EXERCISE GOAL -> Would you set down the data that follows, word for word, without any pictures?

DATASET CONTENT ->
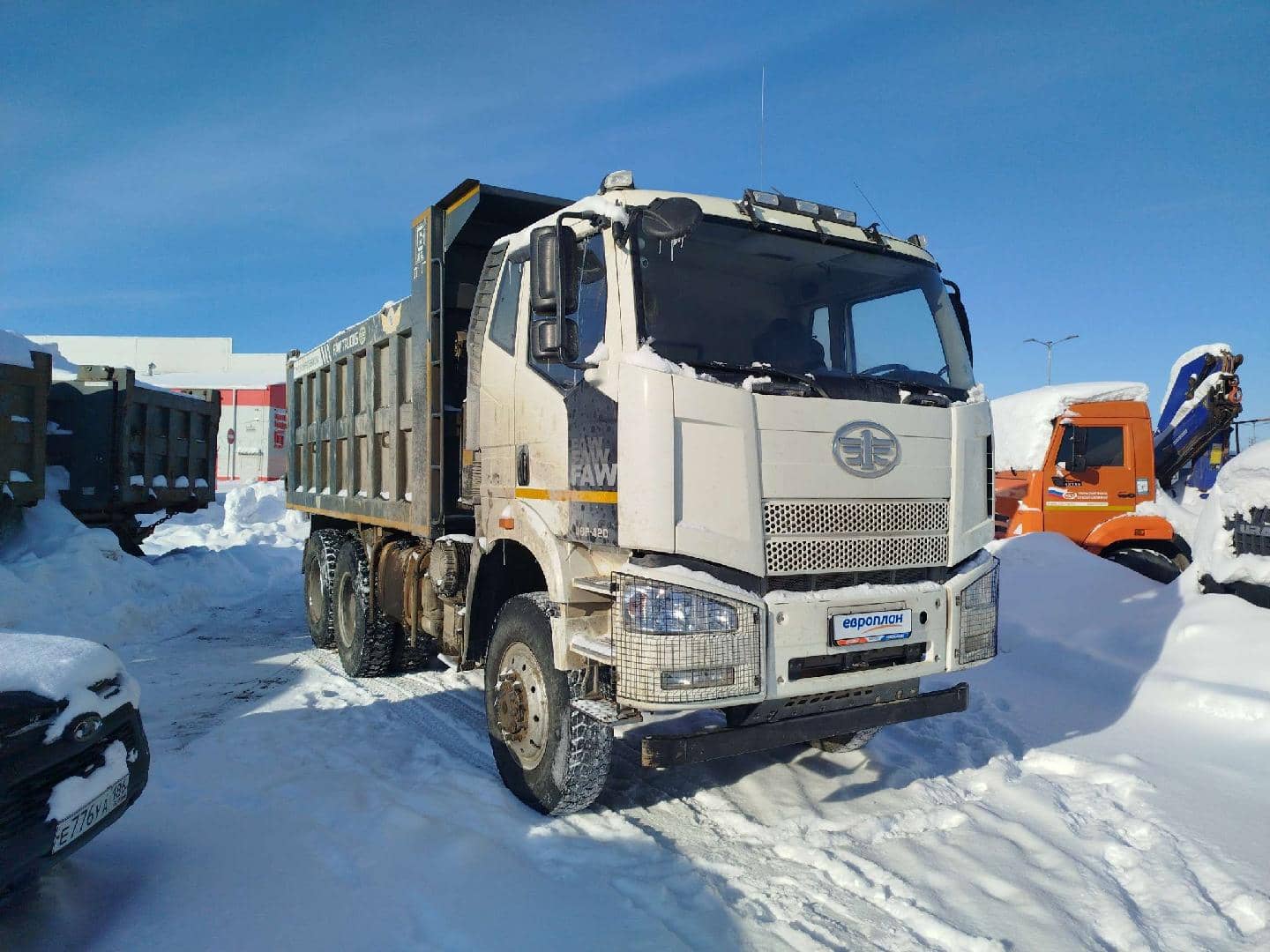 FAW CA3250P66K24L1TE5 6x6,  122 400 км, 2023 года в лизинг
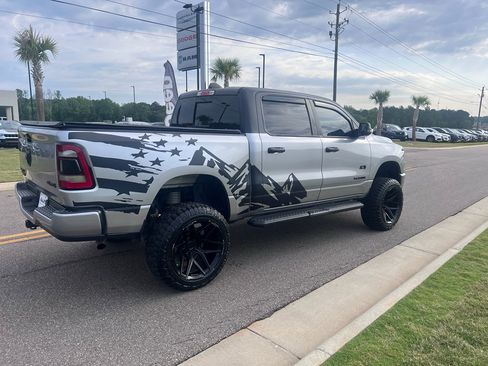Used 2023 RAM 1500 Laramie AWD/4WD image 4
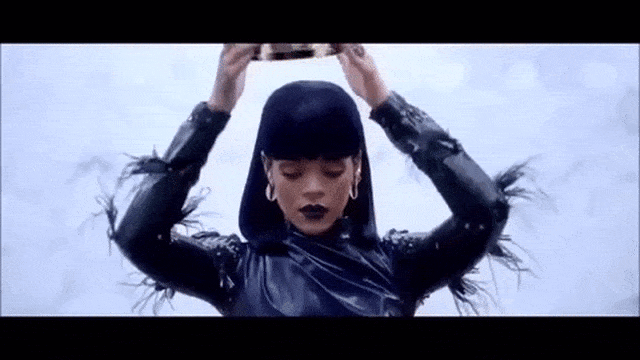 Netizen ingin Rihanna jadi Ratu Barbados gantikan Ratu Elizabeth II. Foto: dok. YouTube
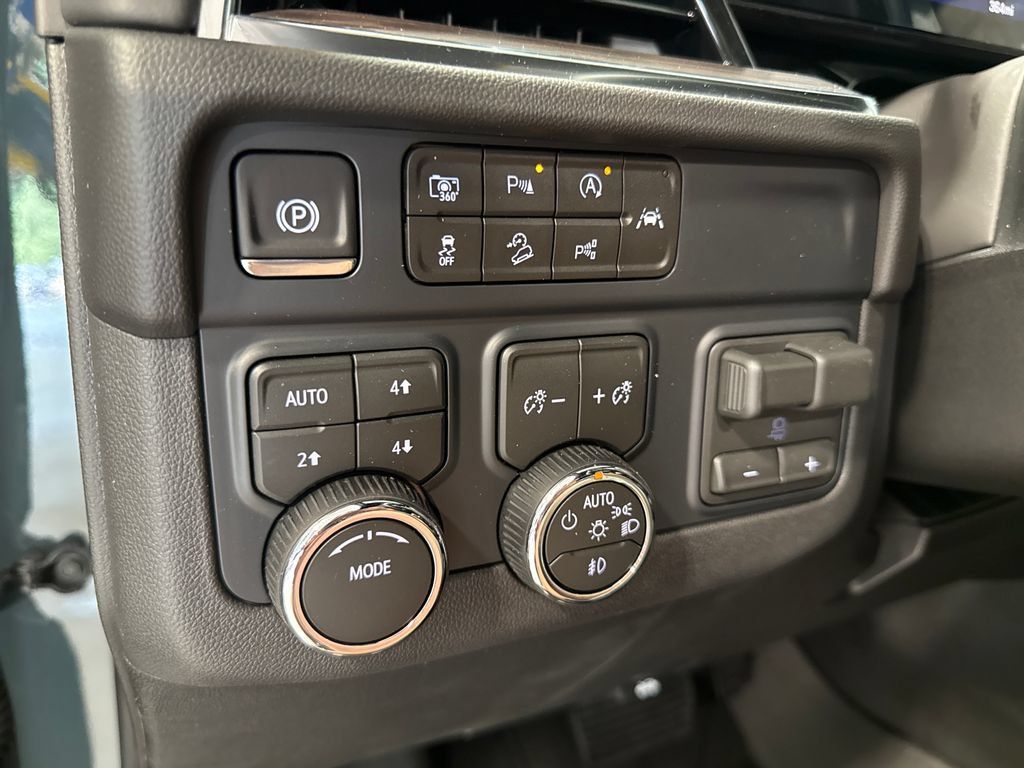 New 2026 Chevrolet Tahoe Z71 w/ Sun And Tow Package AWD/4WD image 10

WRITTEN ANSWER ->
 FAW CA3250P66K24L1TE5 6x6,  122 400 км, 2023 года в лизинг
Used 2023 RAM 1500 Laramie AWD/4WD image 4
 Netizen ingin Rihanna jadi Ratu Barbados gantikan Ratu Elizabeth II. Foto: dok. YouTube
 New 2026 Chevrolet Tahoe Z71 w/ Sun And Tow Package AWD/4WD image 10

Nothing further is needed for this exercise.